I believe in his good heart and sincere intention; but make no mistake, this is no Padre Pio.


Posted on June 20, 2011, in Catholicism and tagged , , , , , , , , . Bookmark the permalink. 2 Comments.

  1. In this video Corapi gives a fine talk on Lent and recommends that his viewers study the Church’s catechism in order to know their faith better – which is fine – but also peppers it with the suggestion that they buy his DVD boxset ($299).

    This is my problem with his whole approach.

    I have a big problem with the idea of priests making money out of things spiritual, so I’m relieved in a way that he’s gone.

    One sees all the time on the internet priests soliciting donations or charging for sermons. It bothers me and is reminscient of the selling of indulgences in pre-reformation times. It no doubt causes scandal to potential believers.

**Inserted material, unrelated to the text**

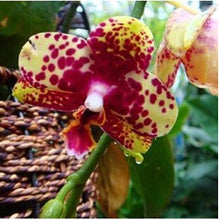 free ship hydroponic orchid seeds,indoor flowers bonsai four seasons,Phalaenopsis Orchids - 40 seeds seeds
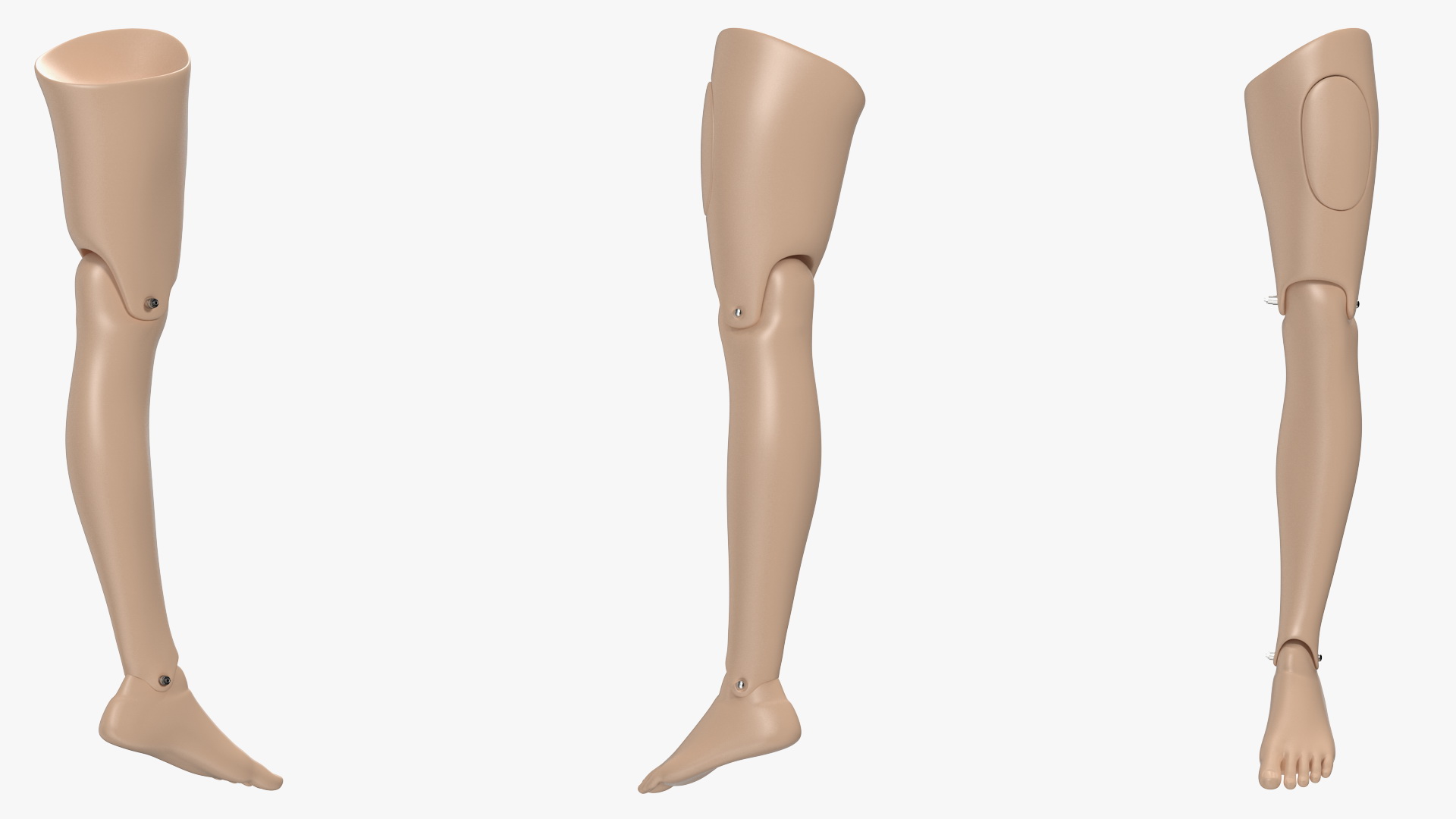 3D model First Aid Training Manikin Leg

    The Vatican needs to clamp down on this.

    • Shane,

      I think that – in this as in everything else – est modus in rebus.

      I don’t have anything against a priest starting a subscription to buy him a new computer, or posting a list of favourite books the readers can buy to him as a sign of gratitude. I am also aware that for centuries, some religious have lived selling rather profane goods: beer, mainly, or chocolate; and now coffee, or the like.

      But like you, I doo see a problem when the marketing effort becomes an aggressive one; when it gets before the Christian message of the priest.

      If a religious and priest puts his sermons on, say, youtube, I can’t see a problem if he – provided he is authorised to do so by the rules of his order – also sells the High Definition, Super-Audio DVD version to the masses. By doing so, he shows that the care of the souls is paramount, and the marketing activity a pleasant plus bringing some money, as the monk sells the beer. But not if the buying the DVD is the way to get to the message, I’d feel uncomfortable in that case.

      Anyway, there are religious of all sorts, and not all have vows of poverty. I respect that.